* **YOUR TASK**
Down to the last line, reproduce the records exactly.

* **EXTRACTED MATERIAL**
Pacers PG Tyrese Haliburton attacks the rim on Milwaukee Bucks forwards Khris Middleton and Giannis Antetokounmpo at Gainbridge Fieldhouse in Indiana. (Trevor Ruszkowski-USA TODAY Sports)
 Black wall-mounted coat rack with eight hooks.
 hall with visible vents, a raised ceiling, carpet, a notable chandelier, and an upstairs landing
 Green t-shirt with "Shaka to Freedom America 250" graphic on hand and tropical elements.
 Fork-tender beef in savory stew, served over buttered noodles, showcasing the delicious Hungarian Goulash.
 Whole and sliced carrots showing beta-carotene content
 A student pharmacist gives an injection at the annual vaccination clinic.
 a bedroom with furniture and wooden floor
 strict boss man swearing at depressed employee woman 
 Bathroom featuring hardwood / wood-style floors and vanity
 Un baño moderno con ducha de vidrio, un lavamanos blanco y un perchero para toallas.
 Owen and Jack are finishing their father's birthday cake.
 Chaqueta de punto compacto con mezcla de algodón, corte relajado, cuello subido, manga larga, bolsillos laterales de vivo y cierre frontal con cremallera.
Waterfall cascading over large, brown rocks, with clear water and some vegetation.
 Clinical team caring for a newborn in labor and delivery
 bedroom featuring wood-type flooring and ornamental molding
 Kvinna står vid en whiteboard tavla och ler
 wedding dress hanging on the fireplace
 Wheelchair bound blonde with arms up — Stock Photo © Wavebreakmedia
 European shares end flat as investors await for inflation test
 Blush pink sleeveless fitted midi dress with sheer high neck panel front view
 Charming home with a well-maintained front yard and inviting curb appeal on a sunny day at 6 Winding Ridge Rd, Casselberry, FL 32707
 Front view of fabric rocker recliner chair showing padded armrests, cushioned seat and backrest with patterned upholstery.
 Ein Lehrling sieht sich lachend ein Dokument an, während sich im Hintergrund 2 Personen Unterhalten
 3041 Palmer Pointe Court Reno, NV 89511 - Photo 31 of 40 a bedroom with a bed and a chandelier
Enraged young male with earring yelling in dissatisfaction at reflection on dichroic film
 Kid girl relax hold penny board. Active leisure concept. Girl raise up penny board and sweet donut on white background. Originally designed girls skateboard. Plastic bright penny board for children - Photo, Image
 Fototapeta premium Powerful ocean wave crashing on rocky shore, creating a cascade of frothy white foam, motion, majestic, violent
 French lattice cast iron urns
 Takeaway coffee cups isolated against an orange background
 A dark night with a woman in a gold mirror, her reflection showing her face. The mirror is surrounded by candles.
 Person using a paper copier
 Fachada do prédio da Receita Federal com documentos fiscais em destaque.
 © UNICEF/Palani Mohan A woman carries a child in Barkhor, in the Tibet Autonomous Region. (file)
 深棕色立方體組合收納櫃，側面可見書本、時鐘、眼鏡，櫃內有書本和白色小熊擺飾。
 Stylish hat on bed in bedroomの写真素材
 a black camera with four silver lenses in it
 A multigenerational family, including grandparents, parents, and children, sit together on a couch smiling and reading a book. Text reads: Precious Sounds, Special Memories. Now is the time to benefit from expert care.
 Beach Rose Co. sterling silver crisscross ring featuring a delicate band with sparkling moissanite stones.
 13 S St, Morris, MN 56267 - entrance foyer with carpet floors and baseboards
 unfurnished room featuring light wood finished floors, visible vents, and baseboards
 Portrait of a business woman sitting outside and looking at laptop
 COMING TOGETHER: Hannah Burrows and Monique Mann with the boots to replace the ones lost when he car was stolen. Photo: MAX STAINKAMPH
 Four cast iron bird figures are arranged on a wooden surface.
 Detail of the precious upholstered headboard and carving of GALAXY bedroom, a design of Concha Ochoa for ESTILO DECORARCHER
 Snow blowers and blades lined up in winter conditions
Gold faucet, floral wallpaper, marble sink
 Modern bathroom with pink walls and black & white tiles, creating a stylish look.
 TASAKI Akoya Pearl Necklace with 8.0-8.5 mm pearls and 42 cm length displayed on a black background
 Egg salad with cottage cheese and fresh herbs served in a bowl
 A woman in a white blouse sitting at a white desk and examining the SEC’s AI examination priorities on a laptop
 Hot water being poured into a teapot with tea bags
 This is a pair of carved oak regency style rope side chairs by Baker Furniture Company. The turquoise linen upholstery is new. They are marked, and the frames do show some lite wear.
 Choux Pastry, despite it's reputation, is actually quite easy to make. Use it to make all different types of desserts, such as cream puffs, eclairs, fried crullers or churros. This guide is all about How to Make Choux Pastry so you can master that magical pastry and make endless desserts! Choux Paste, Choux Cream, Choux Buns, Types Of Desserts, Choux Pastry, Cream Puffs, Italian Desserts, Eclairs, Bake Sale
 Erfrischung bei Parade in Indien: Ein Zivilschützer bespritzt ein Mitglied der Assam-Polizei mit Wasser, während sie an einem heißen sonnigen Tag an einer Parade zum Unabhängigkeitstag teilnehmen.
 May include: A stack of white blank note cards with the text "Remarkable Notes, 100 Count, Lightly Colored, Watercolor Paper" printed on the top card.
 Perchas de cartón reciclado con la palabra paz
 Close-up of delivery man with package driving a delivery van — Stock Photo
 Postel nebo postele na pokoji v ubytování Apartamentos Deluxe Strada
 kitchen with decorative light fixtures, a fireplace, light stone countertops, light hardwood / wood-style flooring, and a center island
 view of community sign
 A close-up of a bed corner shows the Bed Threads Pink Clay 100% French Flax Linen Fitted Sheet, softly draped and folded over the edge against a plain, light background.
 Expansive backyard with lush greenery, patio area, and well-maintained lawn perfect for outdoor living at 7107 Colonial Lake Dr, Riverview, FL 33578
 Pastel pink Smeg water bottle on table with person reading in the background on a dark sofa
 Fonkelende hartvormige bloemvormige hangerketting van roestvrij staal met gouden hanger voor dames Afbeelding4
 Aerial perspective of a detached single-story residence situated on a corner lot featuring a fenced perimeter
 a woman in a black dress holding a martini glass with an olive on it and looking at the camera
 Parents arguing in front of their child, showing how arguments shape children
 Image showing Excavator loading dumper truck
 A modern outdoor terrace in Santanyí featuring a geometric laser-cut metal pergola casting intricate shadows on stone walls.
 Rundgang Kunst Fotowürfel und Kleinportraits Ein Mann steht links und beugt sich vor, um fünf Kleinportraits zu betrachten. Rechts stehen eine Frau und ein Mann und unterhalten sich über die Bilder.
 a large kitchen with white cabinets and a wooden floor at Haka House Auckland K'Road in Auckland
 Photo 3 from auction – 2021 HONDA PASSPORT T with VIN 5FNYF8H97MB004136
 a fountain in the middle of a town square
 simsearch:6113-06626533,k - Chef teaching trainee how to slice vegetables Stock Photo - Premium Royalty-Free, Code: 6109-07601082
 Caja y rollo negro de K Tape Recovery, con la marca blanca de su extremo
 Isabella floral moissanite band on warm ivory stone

* **RESPONSE**
Pacers PG Tyrese Haliburton attacks the rim on Milwaukee Bucks forwards Khris Middleton and Giannis Antetokounmpo at Gainbridge Fieldhouse in Indiana. (Trevor Ruszkowski-USA TODAY Sports)
 Black wall-mounted coat rack with eight hooks.
 hall with visible vents, a raised ceiling, carpet, a notable chandelier, and an upstairs landing
 Green t-shirt with "Shaka to Freedom America 250" graphic on hand and tropical elements.
 Fork-tender beef in savory stew, served over buttered noodles, showcasing the delicious Hungarian Goulash.
 Whole and sliced carrots showing beta-carotene content
 A student pharmacist gives an injection at the annual vaccination clinic.
 a bedroom with furniture and wooden floor
 strict boss man swearing at depressed employee woman 
 Bathroom featuring hardwood / wood-style floors and vanity
 Un baño moderno con ducha de vidrio, un lavamanos blanco y un perchero para toallas.
 Owen and Jack are finishing their father's birthday cake.
 Chaqueta de punto compacto con mezcla de algodón, corte relajado, cuello subido, manga larga, bolsillos laterales de vivo y cierre frontal con cremallera.
Waterfall cascading over large, brown rocks, with clear water and some vegetation.
 Clinical team caring for a newborn in labor and delivery
 bedroom featuring wood-type flooring and ornamental molding
 Kvinna står vid en whiteboard tavla och ler
 wedding dress hanging on the fireplace
 Wheelchair bound blonde with arms up — Stock Photo © Wavebreakmedia
 European shares end flat as investors await for inflation test
 Blush pink sleeveless fitted midi dress with sheer high neck panel front view
 Charming home with a well-maintained front yard and inviting curb appeal on a sunny day at 6 Winding Ridge Rd, Casselberry, FL 32707
 Front view of fabric rocker recliner chair showing padded armrests, cushioned seat and backrest with patterned upholstery.
 Ein Lehrling sieht sich lachend ein Dokument an, während sich im Hintergrund 2 Personen Unterhalten
 3041 Palmer Pointe Court Reno, NV 89511 - Photo 31 of 40 a bedroom with a bed and a chandelier
Enraged young male with earring yelling in dissatisfaction at reflection on dichroic film
 Kid girl relax hold penny board. Active leisure concept. Girl raise up penny board and sweet donut on white background. Originally designed girls skateboard. Plastic bright penny board for children - Photo, Image
 Fototapeta premium Powerful ocean wave crashing on rocky shore, creating a cascade of frothy white foam, motion, majestic, violent
 French lattice cast iron urns
 Takeaway coffee cups isolated against an orange background
 A dark night with a woman in a gold mirror, her reflection showing her face. The mirror is surrounded by candles.
 Person using a paper copier
 Fachada do prédio da Receita Federal com documentos fiscais em destaque.
 © UNICEF/Palani Mohan A woman carries a child in Barkhor, in the Tibet Autonomous Region. (file)
 深棕色立方體組合收納櫃，側面可見書本、時鐘、眼鏡，櫃內有書本和白色小熊擺飾。
 Stylish hat on bed in bedroomの写真素材
 a black camera with four silver lenses in it
 A multigenerational family, including grandparents, parents, and children, sit together on a couch smiling and reading a book. Text reads: Precious Sounds, Special Memories. Now is the time to benefit from expert care.
 Beach Rose Co. sterling silver crisscross ring featuring a delicate band with sparkling moissanite stones.
 13 S St, Morris, MN 56267 - entrance foyer with carpet floors and baseboards
 unfurnished room featuring light wood finished floors, visible vents, and baseboards
 Portrait of a business woman sitting outside and looking at laptop
 COMING TOGETHER: Hannah Burrows and Monique Mann with the boots to replace the ones lost when he car was stolen. Photo: MAX STAINKAMPH
 Four cast iron bird figures are arranged on a wooden surface.
 Detail of the precious upholstered headboard and carving of GALAXY bedroom, a design of Concha Ochoa for ESTILO DECORARCHER
 Snow blowers and blades lined up in winter conditions
Gold faucet, floral wallpaper, marble sink
 Modern bathroom with pink walls and black & white tiles, creating a stylish look.
 TASAKI Akoya Pearl Necklace with 8.0-8.5 mm pearls and 42 cm length displayed on a black background
 Egg salad with cottage cheese and fresh herbs served in a bowl
 A woman in a white blouse sitting at a white desk and examining the SEC’s AI examination priorities on a laptop
 Hot water being poured into a teapot with tea bags
 This is a pair of carved oak regency style rope side chairs by Baker Furniture Company. The turquoise linen upholstery is new. They are marked, and the frames do show some lite wear.
 Choux Pastry, despite it's reputation, is actually quite easy to make. Use it to make all different types of desserts, such as cream puffs, eclairs, fried crullers or churros. This guide is all about How to Make Choux Pastry so you can master that magical pastry and make endless desserts! Choux Paste, Choux Cream, Choux Buns, Types Of Desserts, Choux Pastry, Cream Puffs, Italian Desserts, Eclairs, Bake Sale
 Erfrischung bei Parade in Indien: Ein Zivilschützer bespritzt ein Mitglied der Assam-Polizei mit Wasser, während sie an einem heißen sonnigen Tag an einer Parade zum Unabhängigkeitstag teilnehmen.
 May include: A stack of white blank note cards with the text "Remarkable Notes, 100 Count, Lightly Colored, Watercolor Paper" printed on the top card.
 Perchas de cartón reciclado con la palabra paz
 Close-up of delivery man with package driving a delivery van — Stock Photo
 Postel nebo postele na pokoji v ubytování Apartamentos Deluxe Strada
 kitchen with decorative light fixtures, a fireplace, light stone countertops, light hardwood / wood-style flooring, and a center island
 view of community sign
 A close-up of a bed corner shows the Bed Threads Pink Clay 100% French Flax Linen Fitted Sheet, softly draped and folded over the edge against a plain, light background.
 Expansive backyard with lush greenery, patio area, and well-maintained lawn perfect for outdoor living at 7107 Colonial Lake Dr, Riverview, FL 33578
 Pastel pink Smeg water bottle on table with person reading in the background on a dark sofa
 Fonkelende hartvormige bloemvormige hangerketting van roestvrij staal met gouden hanger voor dames Afbeelding4
 Aerial perspective of a detached single-story residence situated on a corner lot featuring a fenced perimeter
 a woman in a black dress holding a martini glass with an olive on it and looking at the camera
 Parents arguing in front of their child, showing how arguments shape children
 Image showing Excavator loading dumper truck
 A modern outdoor terrace in Santanyí featuring a geometric laser-cut metal pergola casting intricate shadows on stone walls.
 Rundgang Kunst Fotowürfel und Kleinportraits Ein Mann steht links und beugt sich vor, um fünf Kleinportraits zu betrachten. Rechts stehen eine Frau und ein Mann und unterhalten sich über die Bilder.
 a large kitchen with white cabinets and a wooden floor at Haka House Auckland K'Road in Auckland
 Photo 3 from auction – 2021 HONDA PASSPORT T with VIN 5FNYF8H97MB004136
 a fountain in the middle of a town square
 simsearch:6113-06626533,k - Chef teaching trainee how to slice vegetables Stock Photo - Premium Royalty-Free, Code: 6109-07601082
 Caja y rollo negro de K Tape Recovery, con la marca blanca de su extremo
 Isabella floral moissanite band on warm ivory stone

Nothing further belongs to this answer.